25. Juli 2024 - 12:20

Sechs Thesen zur Ökodiesel-Lobbyaffäre von Minister Wissing und Staatssekretär Luksic im Verkehrsministerium

Nach Recherchen von ZDF frontal steht das Verkehrsministerium im Fokus einer neuen Lobbyaffäre: Verkehrsminister Volker Wissing und sein Staatssekretär Oliver Luksic (beide FDP) waren eng in eine fragwürdige und irreführende Lobbykampagne eingebunden. Ziel der Kampagne ist es, den vermeintlichen „Öko-Diesel“ HVO100 zu bewerben und gleichzeitig das bereits beschlossene Zulassungsverbot für Verbrennerautos ab 2035 rückgängig zu machen. Die Nähe zwischen den beiden Spitzenpolitikern mit einem Autolobby-Verein war dabei so groß, dass dieser sogar seine engen Kontakte zum Verkauf anbieten konnte.

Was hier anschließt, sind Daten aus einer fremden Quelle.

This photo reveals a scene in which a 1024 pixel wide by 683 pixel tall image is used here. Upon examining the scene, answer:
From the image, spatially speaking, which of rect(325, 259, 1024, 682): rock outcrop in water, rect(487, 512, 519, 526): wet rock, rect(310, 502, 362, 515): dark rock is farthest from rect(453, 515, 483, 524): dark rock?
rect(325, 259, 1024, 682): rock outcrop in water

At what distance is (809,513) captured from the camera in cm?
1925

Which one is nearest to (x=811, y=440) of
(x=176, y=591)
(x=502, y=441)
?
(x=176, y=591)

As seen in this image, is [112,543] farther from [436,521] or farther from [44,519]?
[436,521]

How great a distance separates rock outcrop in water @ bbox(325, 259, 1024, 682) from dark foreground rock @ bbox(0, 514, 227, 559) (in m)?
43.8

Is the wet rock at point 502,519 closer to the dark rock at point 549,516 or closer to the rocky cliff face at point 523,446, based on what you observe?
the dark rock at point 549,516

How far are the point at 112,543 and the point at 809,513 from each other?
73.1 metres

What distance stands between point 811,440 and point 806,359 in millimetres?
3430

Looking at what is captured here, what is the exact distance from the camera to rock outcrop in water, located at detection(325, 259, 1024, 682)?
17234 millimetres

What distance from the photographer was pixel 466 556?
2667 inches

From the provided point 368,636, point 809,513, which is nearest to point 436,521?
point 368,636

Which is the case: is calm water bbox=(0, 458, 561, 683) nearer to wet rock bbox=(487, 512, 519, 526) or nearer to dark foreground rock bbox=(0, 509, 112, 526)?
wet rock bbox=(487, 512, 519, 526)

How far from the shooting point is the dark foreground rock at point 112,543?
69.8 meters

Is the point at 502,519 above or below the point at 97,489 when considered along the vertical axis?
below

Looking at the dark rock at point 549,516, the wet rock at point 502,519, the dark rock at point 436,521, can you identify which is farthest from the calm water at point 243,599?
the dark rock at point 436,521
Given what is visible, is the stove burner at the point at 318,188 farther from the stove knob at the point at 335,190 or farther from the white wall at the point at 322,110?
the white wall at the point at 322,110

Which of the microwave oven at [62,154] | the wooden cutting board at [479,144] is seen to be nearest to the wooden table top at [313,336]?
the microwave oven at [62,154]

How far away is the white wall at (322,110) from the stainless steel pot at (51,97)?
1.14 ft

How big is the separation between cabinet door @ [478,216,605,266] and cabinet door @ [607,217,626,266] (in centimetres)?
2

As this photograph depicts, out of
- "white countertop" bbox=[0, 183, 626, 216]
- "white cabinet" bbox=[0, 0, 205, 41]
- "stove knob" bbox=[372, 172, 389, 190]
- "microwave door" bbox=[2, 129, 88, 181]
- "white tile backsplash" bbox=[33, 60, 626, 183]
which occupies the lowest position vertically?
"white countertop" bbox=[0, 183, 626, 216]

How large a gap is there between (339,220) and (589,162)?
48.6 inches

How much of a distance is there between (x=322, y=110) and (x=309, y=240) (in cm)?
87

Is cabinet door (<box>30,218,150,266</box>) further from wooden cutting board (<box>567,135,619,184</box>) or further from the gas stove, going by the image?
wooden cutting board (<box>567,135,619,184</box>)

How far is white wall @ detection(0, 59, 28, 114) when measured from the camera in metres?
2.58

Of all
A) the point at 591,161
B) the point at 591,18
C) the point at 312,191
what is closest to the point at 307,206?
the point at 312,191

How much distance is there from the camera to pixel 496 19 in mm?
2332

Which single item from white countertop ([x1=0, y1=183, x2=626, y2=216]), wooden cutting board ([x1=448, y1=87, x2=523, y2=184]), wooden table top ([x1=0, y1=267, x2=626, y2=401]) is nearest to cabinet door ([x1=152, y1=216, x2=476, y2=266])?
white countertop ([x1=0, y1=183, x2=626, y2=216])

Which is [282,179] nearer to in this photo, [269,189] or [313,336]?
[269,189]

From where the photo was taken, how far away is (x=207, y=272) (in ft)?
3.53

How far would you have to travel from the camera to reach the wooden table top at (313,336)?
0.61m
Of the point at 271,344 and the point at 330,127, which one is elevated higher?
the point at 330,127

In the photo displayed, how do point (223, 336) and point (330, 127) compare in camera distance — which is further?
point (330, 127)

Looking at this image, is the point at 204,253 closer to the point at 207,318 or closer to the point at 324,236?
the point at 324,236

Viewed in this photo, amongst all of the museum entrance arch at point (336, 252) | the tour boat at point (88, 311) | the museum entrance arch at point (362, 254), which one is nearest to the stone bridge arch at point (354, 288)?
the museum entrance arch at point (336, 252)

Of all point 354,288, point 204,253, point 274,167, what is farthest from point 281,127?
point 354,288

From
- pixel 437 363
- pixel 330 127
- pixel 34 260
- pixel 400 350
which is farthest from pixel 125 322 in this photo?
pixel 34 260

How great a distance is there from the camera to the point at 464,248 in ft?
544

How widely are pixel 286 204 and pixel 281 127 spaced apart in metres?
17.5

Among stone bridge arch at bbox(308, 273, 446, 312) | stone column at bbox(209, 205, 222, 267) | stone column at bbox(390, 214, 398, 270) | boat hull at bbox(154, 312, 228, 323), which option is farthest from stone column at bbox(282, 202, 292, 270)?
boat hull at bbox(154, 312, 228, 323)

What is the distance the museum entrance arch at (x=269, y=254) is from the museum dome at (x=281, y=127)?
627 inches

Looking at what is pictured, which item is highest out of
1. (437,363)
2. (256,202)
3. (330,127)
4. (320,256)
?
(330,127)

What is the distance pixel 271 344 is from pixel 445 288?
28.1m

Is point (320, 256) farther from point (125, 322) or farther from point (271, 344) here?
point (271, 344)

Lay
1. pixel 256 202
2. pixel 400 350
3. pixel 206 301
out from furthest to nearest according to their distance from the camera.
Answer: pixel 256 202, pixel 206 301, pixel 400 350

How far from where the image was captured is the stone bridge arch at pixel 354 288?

Besonders brisant war zudem, dass Staatssekretär Luksic ein Video gemeinsam mit einem Tankstellenlobbyverband drehte und damit ganz explizit ein bestimmtes Produkt bewarb. Lindner und Wissing machen damit gemeinsame Sache mit der Verbrennerlobby – und setzten sich bei ihrer Entscheidung für die Beteiligung an der Kampagne sogar über den expliziten Rat der Fachreferate ihres Hauses hinweg. Diese einseitige Lobbynähe ist für Bundesminister:innen untragbar und schädlich für die Demokratie. Der Fall braucht dringend klare Konsequenzen. In sechs Thesen ordnen wir den Fall ein und machen Vorschläge für weitere Schritte.

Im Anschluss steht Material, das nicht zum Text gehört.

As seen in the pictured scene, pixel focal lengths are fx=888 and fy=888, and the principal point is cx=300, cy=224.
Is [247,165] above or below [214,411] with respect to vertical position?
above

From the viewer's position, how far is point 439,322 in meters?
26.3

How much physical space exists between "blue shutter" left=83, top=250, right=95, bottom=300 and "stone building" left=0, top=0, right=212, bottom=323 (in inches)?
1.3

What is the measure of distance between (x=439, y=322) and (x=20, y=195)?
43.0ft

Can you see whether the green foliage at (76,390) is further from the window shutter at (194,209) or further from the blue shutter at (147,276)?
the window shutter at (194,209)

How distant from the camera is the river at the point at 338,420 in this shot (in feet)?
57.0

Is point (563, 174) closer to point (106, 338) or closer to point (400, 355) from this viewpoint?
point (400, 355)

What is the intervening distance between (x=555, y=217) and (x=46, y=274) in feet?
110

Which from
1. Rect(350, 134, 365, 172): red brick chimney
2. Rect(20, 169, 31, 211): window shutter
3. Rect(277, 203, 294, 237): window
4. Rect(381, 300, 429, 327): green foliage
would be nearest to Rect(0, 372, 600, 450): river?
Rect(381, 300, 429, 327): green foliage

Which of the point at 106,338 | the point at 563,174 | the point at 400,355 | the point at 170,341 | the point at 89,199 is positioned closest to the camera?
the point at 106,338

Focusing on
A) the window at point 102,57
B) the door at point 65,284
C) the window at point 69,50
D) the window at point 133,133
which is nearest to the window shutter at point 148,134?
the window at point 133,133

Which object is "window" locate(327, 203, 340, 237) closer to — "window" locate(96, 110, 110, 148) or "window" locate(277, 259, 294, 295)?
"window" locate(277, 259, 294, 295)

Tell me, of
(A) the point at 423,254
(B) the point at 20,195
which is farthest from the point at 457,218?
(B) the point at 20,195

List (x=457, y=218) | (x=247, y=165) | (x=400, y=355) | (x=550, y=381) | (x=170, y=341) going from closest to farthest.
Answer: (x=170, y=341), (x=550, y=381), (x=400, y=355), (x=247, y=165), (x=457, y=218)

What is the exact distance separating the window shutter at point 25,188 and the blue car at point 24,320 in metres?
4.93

1. Besonders eklatant, aber kein Einzelfall:

Die aktuelle Lobby-Affäre sorgt zurecht für große Empörung in der Öffentlichkeit. Der Fall steht für eine besonders enge und damit einseitige Privilegierung der Interessen einer mächtigen und besonders lauten Interessengruppe – in diesem Fall der Verbrennerlobby. Dieses Muster zeigt sich immer wieder: Politische Entscheidungen werden dadurch verzerrt, dass einzelne Interessengruppen besondere Zugänge erhalten, während Expert:innen aus der Wissenschaft oder zivilgesellschaftliche Organisationen weniger Gehör finden.

Lobbynetzwerke aus Politik und Unternehmen begünstigen solche Einseitigkeit und legen die Grundlage für Klüngelei. Ein Beispiel dafür ist auch das dichte Lobby-Netzwerk des Gazprom-Konzerns, durch das Deutschland sich in eine fatale Abhängigkeit von russischem Gas manövrierte. Doch einseitige und übergroße Nähe zu bestimmten Lobbyinteressen steht im Widerspruch zur Kernaufgabe von Politiker:innen: Sie sollten sich ausgewogen mit verschiedenen gesellschaftlichen Gruppen und Interessen auseinandersetzen, um so informierte und ausgewogene politische Entscheidungen zu treffen.

2. Das Verkehrsministerium fällt immer wieder durch besonders große Nähe zur Verbrennerlobby auf:

Genau 80-mal traf sich der damalige Verkehrsminister Andreas Scheuer mit der Autolobby, während Umweltverbände nur einen Termin bei ihm bekamen. Zum Autogipfel lädt die Bundesregierung regelmäßig die Autolobby in das Kanzleramt ein. Umweltverbände oder andere kritische Stimmen blieben lange Zeit außen vor und sind auch jetzt nur in Minimalbesetzung dazu geladen. Es gehört quasi zur DNA des Verkehrsministerium und der deutschen Verkehrspolitik, der Autoindustrie und der Verbrennerlobby besonders nah zu sein und als deren Sprachrohr aufzutreten.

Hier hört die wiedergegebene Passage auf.